§ **PROVIDED INFORMATION**:
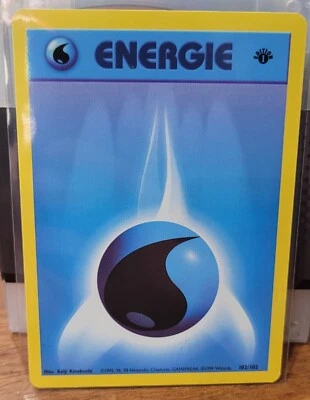 1st Edition Water Energy - German Base Set - 102/102 - Pokemon - Image 1 of 2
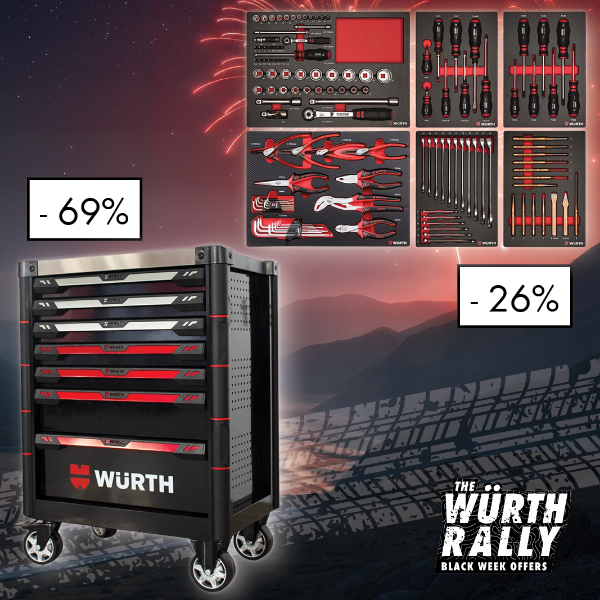 Снимка на Количка 7 чекм. Wurth + инструм. 127ч. ZEBRA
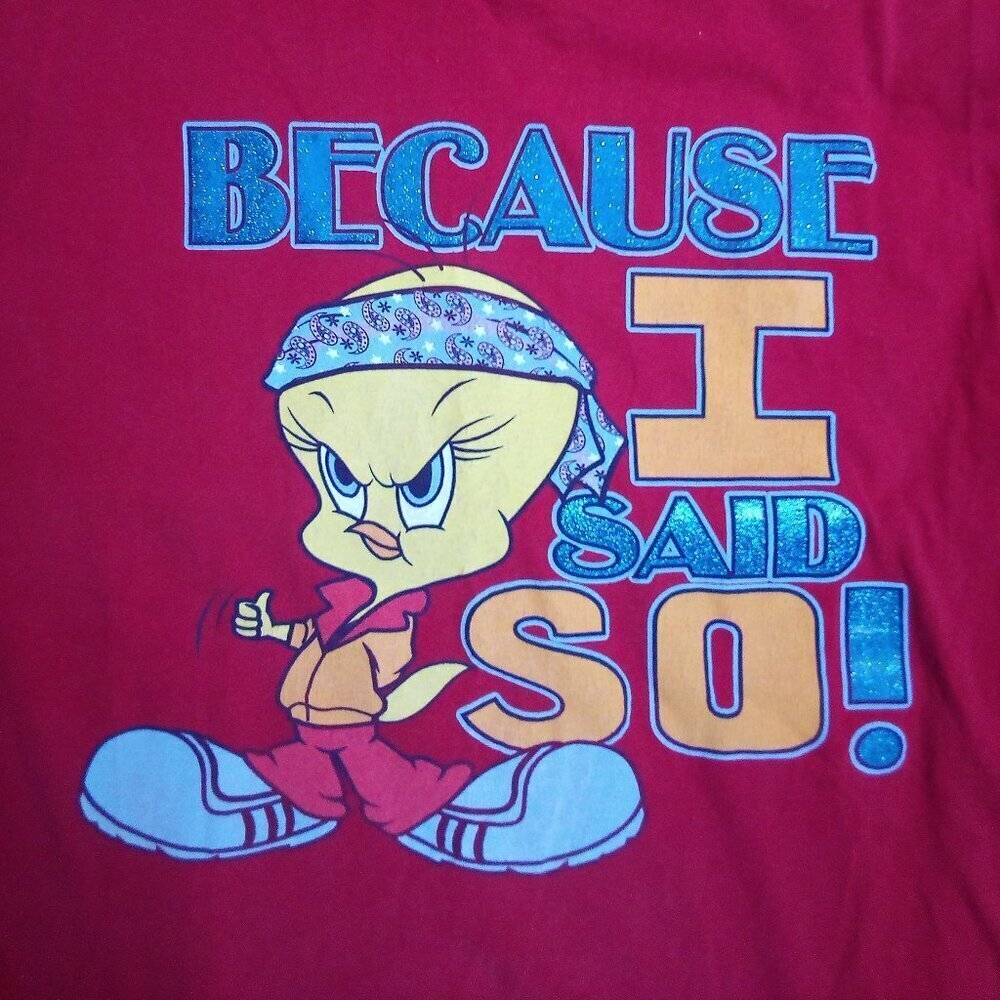 Vintage 90s Tweety Bird Because I Said So T-Shirt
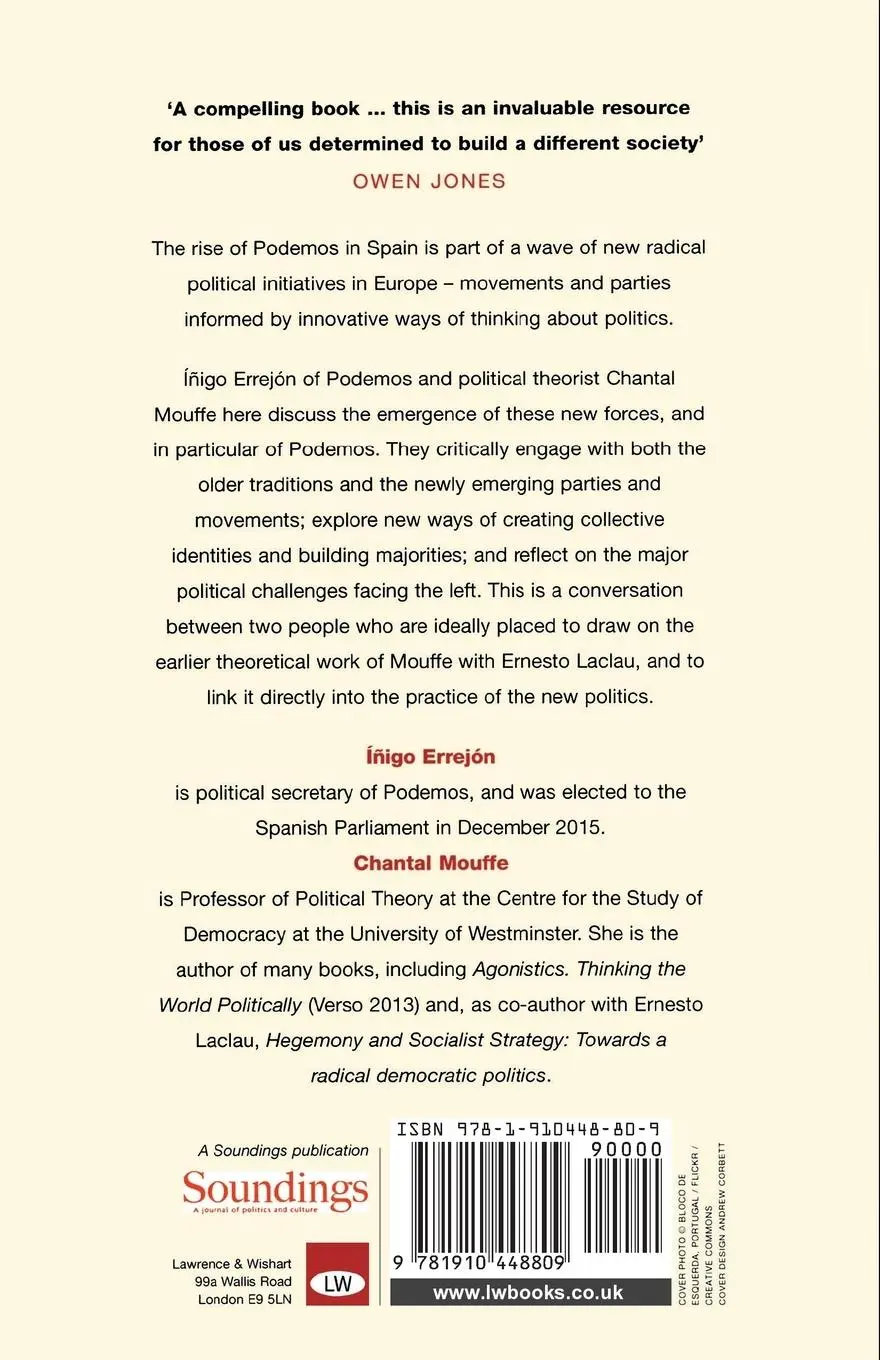 Rückseite: 9781910448809 | Podemos | In the Name of the People | Chantal Mouffe | Taschenbuch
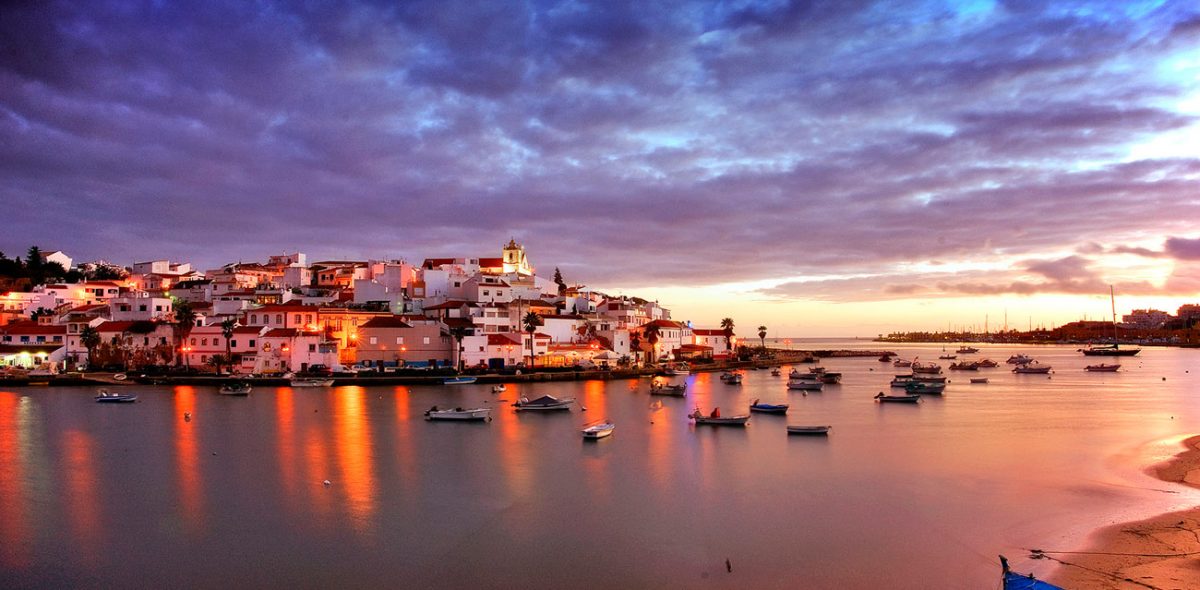 Ferragudo-at-Sunset-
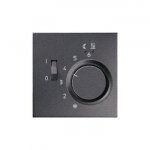 JUNG LS 990 Антрацит Накладка регулятора теплого пола(мех.FTR231U) (ALFTR231PLAN)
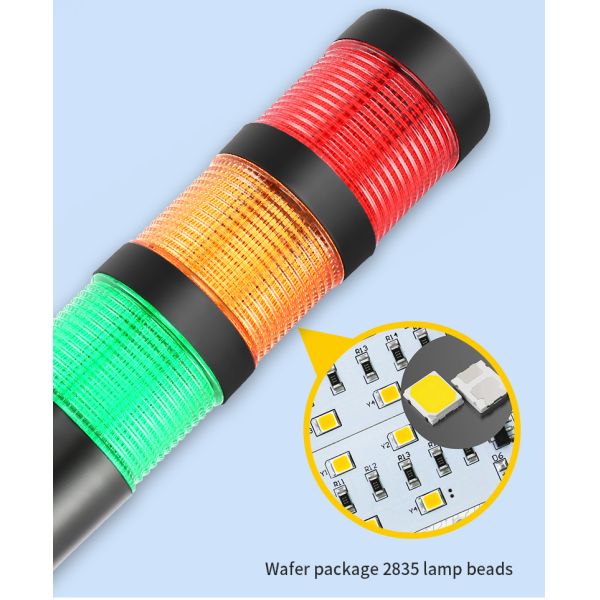 Durable Q1 Series Machine Signal Tower Light Stacked LED Warning Light For Machinery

§ **DIRECTIONS**: What is needed is an exact copy of all the records, minus any pictures.

§ **YOUR SOLUTION**:
 1st Edition Water Energy - German Base Set - 102/102 - Pokemon - Image 1 of 2
 Снимка на Количка 7 чекм. Wurth + инструм. 127ч. ZEBRA
 Vintage 90s Tweety Bird Because I Said So T-Shirt
 Rückseite: 9781910448809 | Podemos | In the Name of the People | Chantal Mouffe | Taschenbuch
 Ferragudo-at-Sunset-
 JUNG LS 990 Антрацит Накладка регулятора теплого пола(мех.FTR231U) (ALFTR231PLAN)
 Durable Q1 Series Machine Signal Tower Light Stacked LED Warning Light For Machinery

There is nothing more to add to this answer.